Adaptive ELU#

Module for the Adaptive ELU activation function.

class AdaptiveELU(alpha=None, beta=None, gamma=None, fixed=None)[source]#

Bases: BaseAdaptiveFunction

Adaptive, trainable variant of the ELU activation.

This module extends the standard ELU by introducing learnable scaling and shifting parameters applied to both the input and the output.

Given the function \(\text{ELU}:\mathbb{R}^n\rightarrow\mathbb{R}^n\), the corresponding adaptive activation \(\text{ELU}_{\text{adaptive}}:\mathbb{R}^n\rightarrow\mathbb{R}^n\) is defined as:

\[\text{ELU}_{\text{adaptive}}({x}) = \alpha\,\text{ELU}(\beta{x}+\gamma),\]

where \(\alpha\), \(\beta\), and \(\gamma\) are trainable parameters controlling output scaling, input scaling, and input shifting, respectively.

The ELU function is defined elementwise as:

\[\begin{split}\text{ELU}(x) = \begin{cases} x, & \text{ if }x > 0\\ \exp(x) - 1, & \text{ if }x \leq 0 \end{cases}\end{split}\]

See also

Original reference: Godfrey, L. B., Gashler, M. S. (2015).

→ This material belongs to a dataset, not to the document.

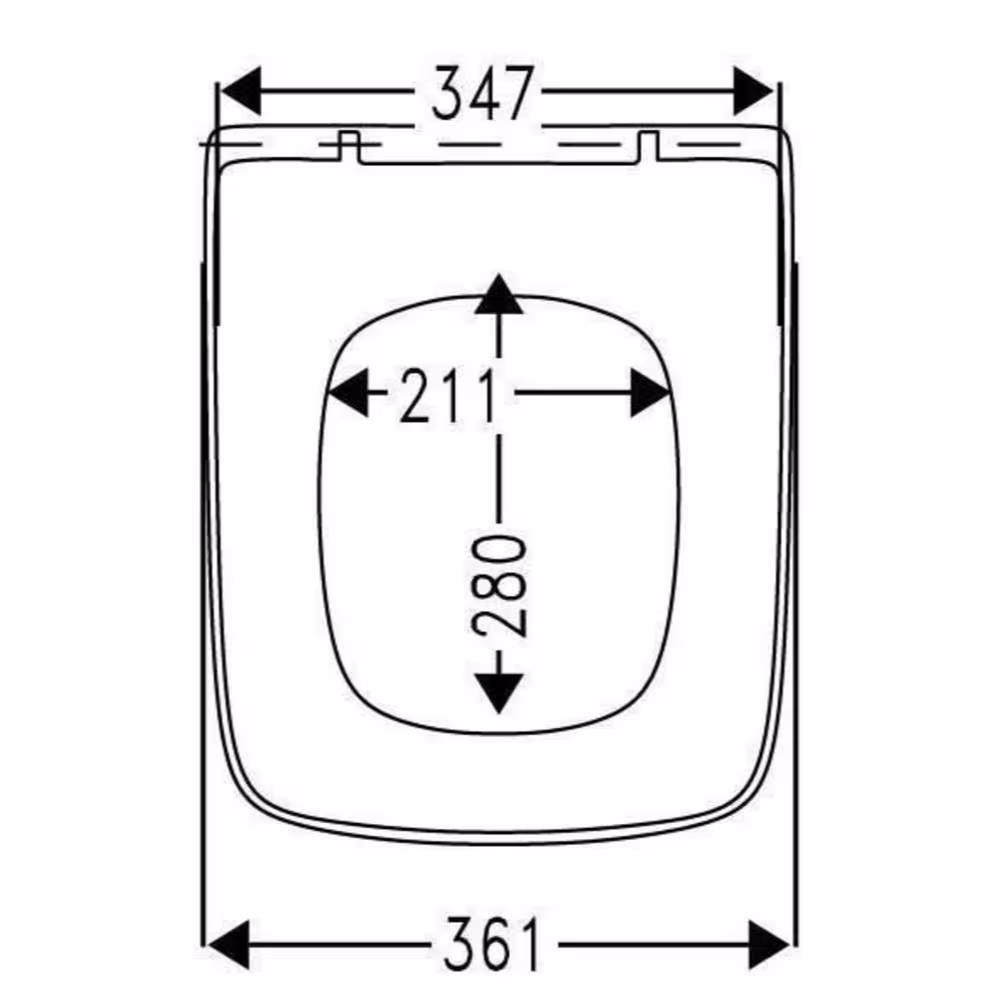 Figuur nr. 14 van het artikel toiletbril Q500 wit vierkant met softclose-mechanisme, onder andere voor Geberit Renova Plan uit de productgroep badkamerkeramiek van het merk LUVETT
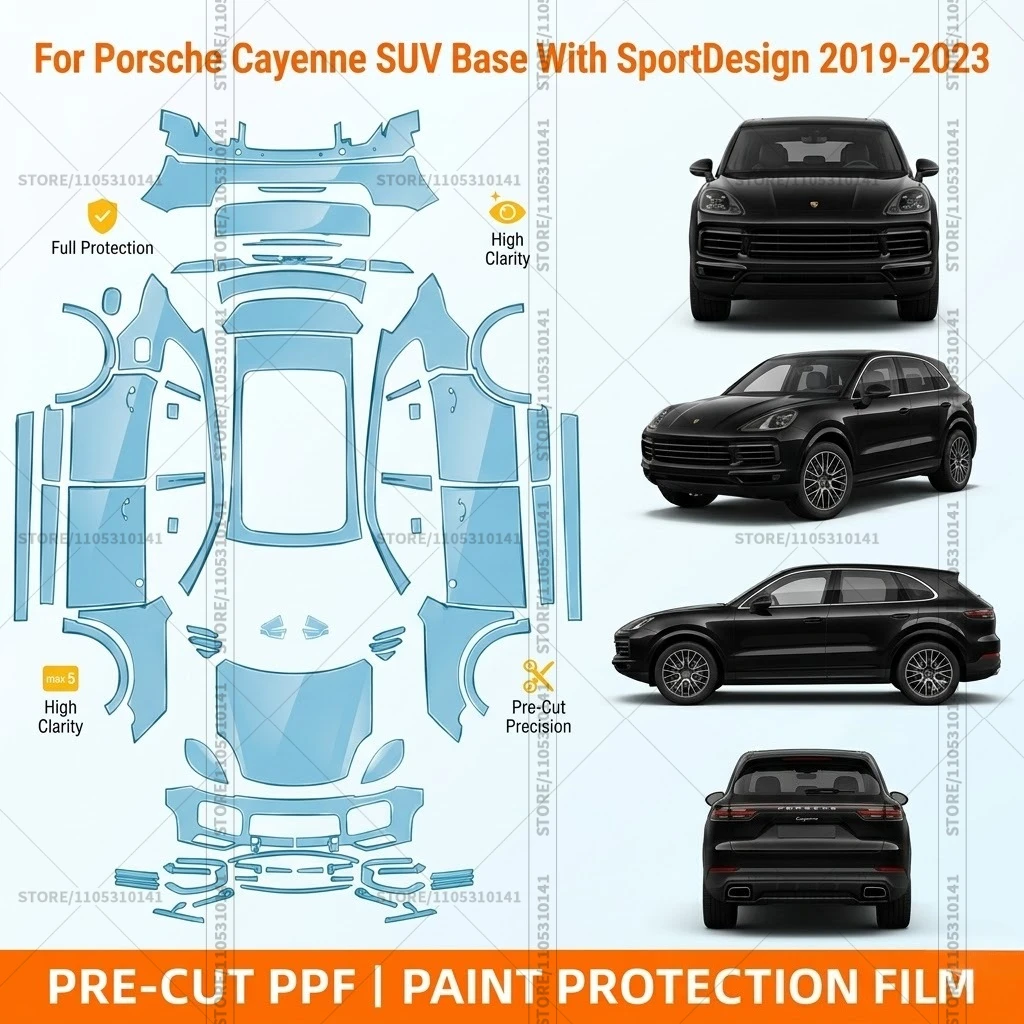 

Предварительно нарезанная защитная пленка PPF, прозрачная пленка для бампера, прозрачная защитная пленка для автомобиля Porsche Cayenne SUV Base с дизайном Sport, 2019-2023 гг.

A continuum among logarithmic, linear, and exponential functions, and its potential to improve generalization in neural networks. 7th international joint conference on knowledge discovery, knowledge engineering and knowledge management (IC3K), Vol. 1. DOI: arXiv preprint arXiv:1602.01321..

Original reference: Jagtap, A. D., Karniadakis, G. E. (2020). Adaptive activation functions accelerate convergence in deep and physics-informed neural networks. Journal of Computational Physics, 404. DOI: JCP 10.1016.

Initialization of the AdaptiveELU class.

Parameters:
  • alpha (int | float) – The output scaling parameter of the adaptive function. If None, it is initialized to 1. Default is None.

  • beta (int | float) – The input scaling parameter of the adaptive function. If None, it is initialized to 1. Default is None.

  • gamma (int | float) – The input shifting parameter of the adaptive function. If None, it is initialized to 0. Default is None.

  • fixed (str | list[str]) – The names of parameters to keep fixed during training. These parameters will not be optimized and will have requires_grad=False. Available options are "alpha", "beta", and "gamma". If None, all parameters are trainable. Default is None.

Raises:
  • ValueError – If alpha, when provided, is not a number.

  • ValueError – If beta, when provided, is not a number.

  • ValueError – If gamma, when provided, is not a number.

  • ValueError – If fixed, when provided, is neither a string nor a list of strings.

  • ValueError – If fixed contains invalid parameter names.